Exercise inputs:
↓

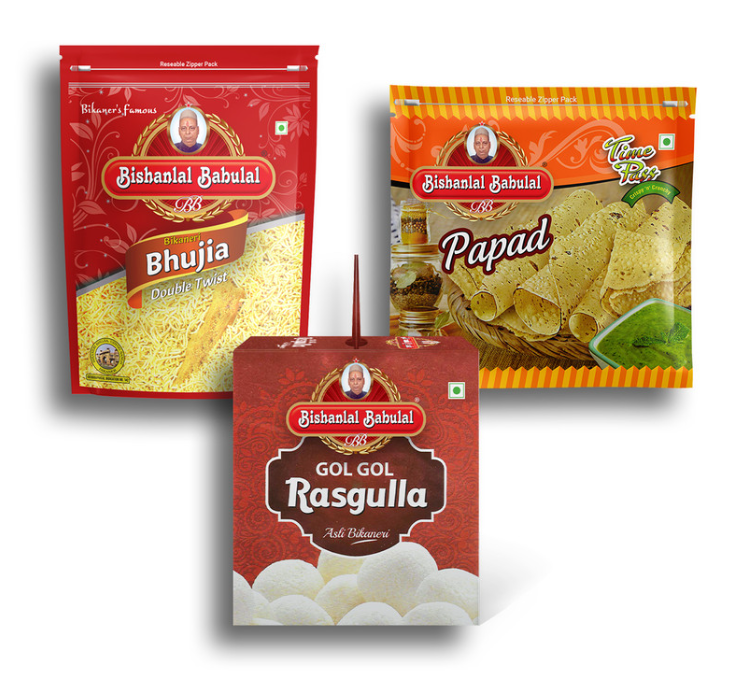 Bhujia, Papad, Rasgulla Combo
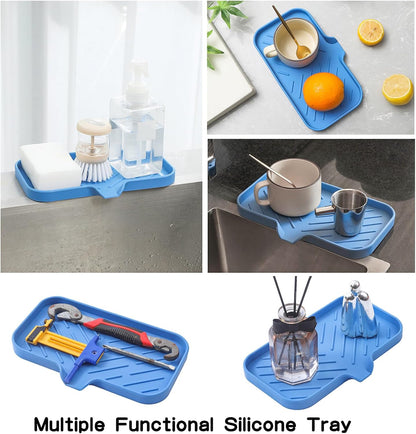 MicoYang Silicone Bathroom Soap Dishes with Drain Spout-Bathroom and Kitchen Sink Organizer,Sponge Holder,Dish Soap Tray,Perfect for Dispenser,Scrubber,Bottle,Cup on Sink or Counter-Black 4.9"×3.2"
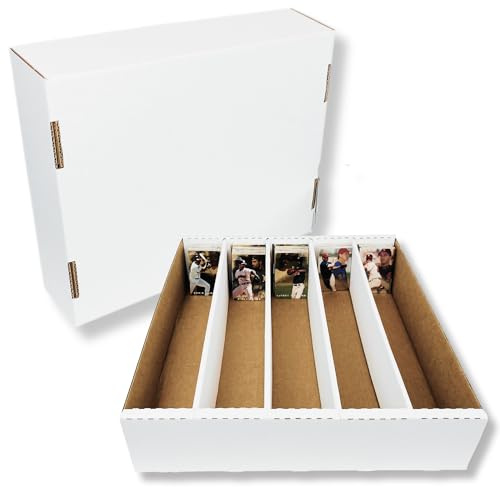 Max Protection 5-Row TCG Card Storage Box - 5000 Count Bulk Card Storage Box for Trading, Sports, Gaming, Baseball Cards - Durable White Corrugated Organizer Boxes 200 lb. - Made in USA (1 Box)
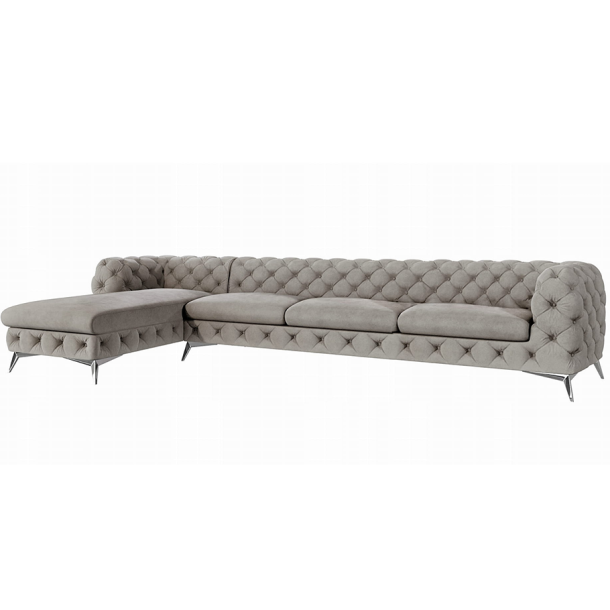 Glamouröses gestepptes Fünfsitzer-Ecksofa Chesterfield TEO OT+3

↑
↓

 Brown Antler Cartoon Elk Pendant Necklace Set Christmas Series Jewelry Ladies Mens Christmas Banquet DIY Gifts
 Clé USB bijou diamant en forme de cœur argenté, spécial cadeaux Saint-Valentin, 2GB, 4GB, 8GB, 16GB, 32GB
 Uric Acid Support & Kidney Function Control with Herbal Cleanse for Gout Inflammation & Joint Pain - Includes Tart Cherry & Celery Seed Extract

↑
↓

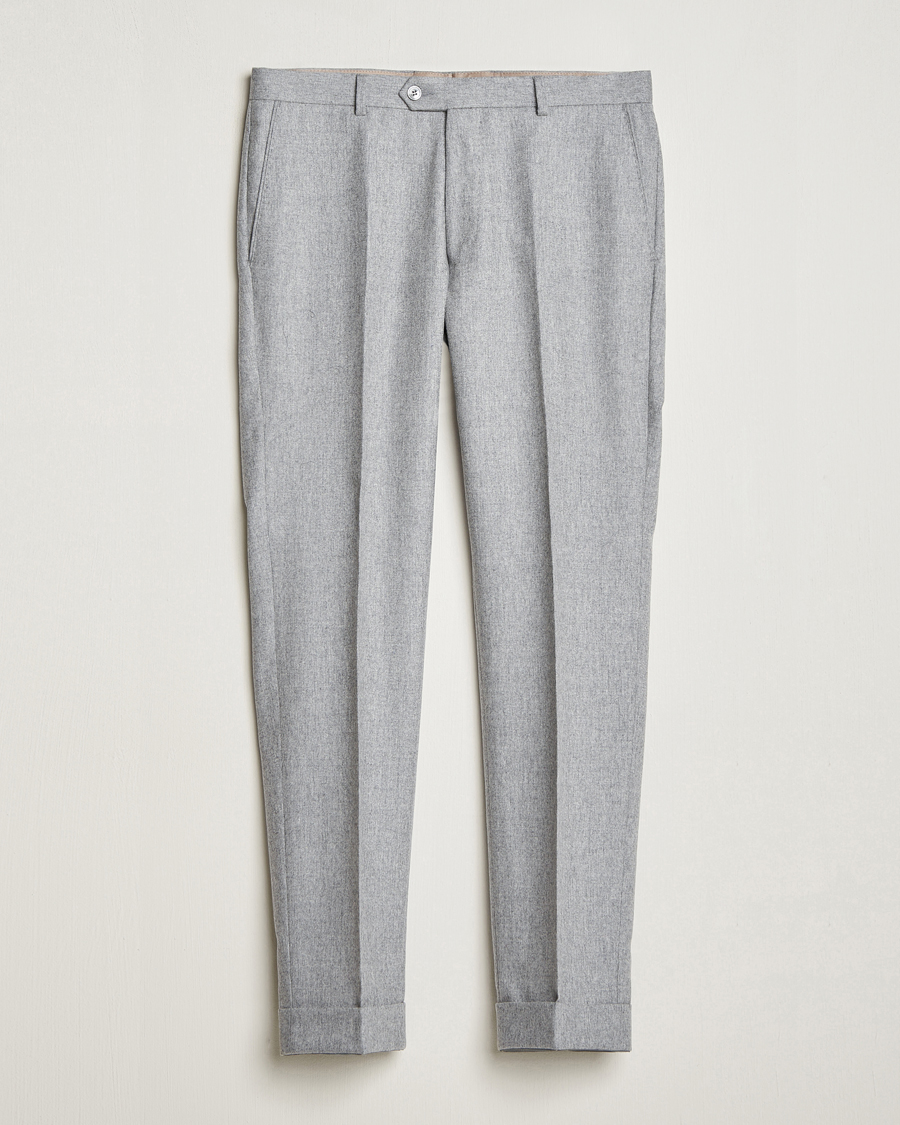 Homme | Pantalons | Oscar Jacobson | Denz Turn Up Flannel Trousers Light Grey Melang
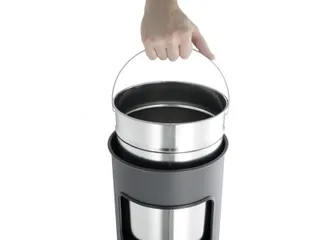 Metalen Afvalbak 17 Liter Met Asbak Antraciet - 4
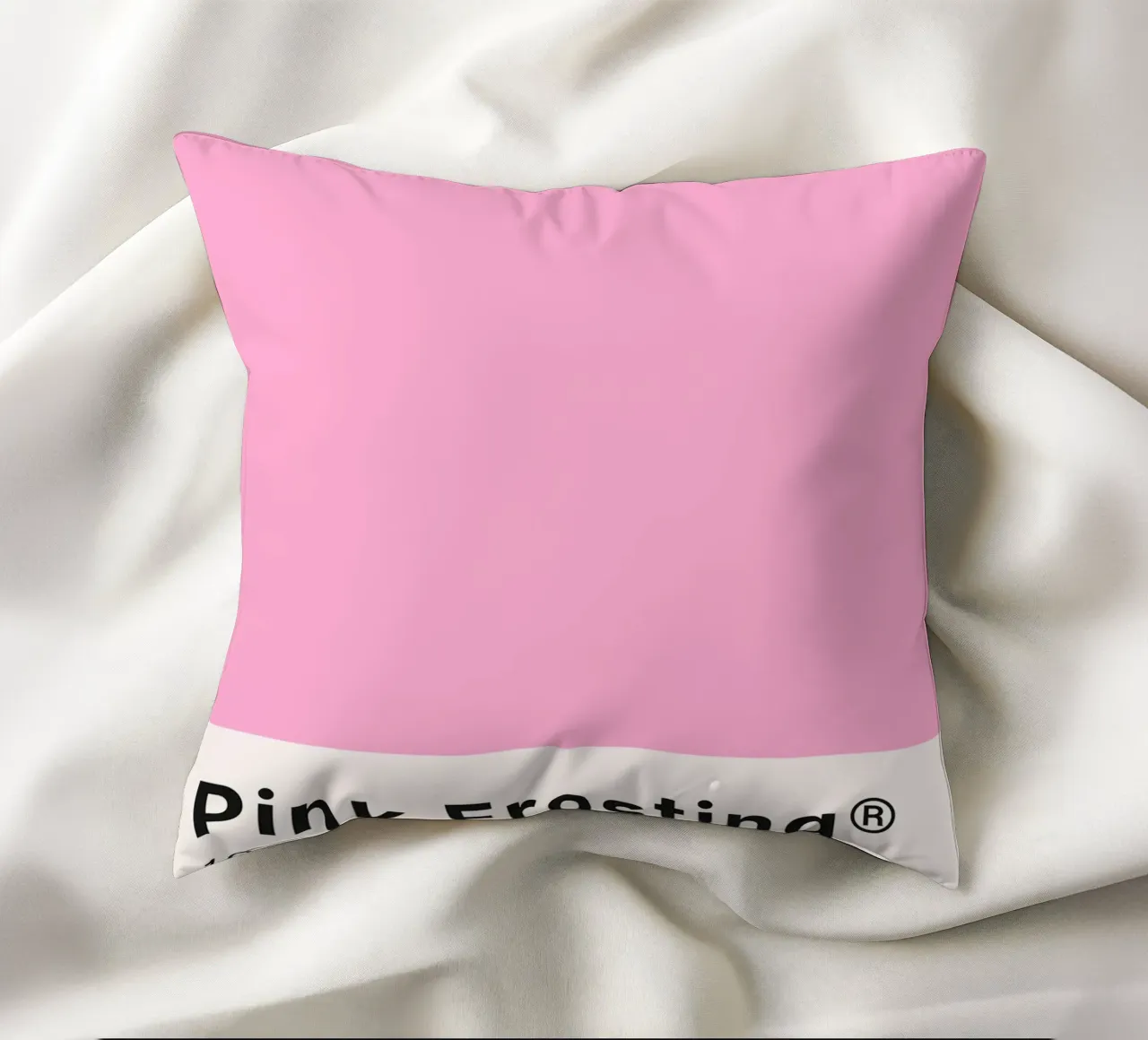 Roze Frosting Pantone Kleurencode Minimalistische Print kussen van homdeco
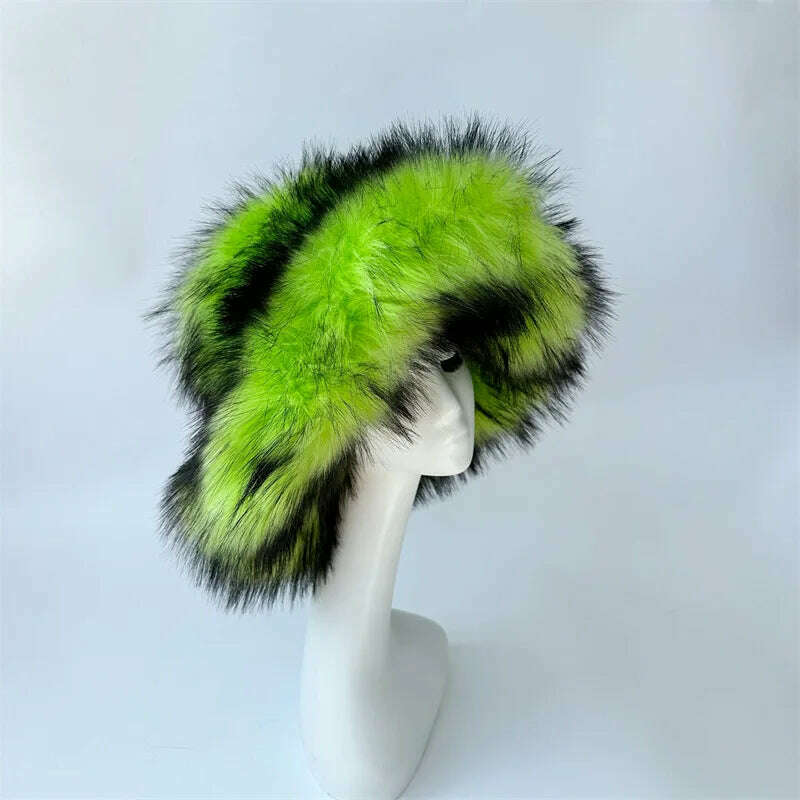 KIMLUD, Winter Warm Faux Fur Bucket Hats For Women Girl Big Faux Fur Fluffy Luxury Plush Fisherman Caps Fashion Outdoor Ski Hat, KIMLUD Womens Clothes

↑

Your instructions: Give back exactly the lines above from the one with "Homme | Pantalons" through the one with "Roze Frosting Pantone", both included. Pictures don't belong in the copy.

Answer for this exercise:
 Homme | Pantalons | Oscar Jacobson | Denz Turn Up Flannel Trousers Light Grey Melang
 Metalen Afvalbak 17 Liter Met Asbak Antraciet - 4
 Roze Frosting Pantone Kleurencode Minimalistische Print kussen van homdeco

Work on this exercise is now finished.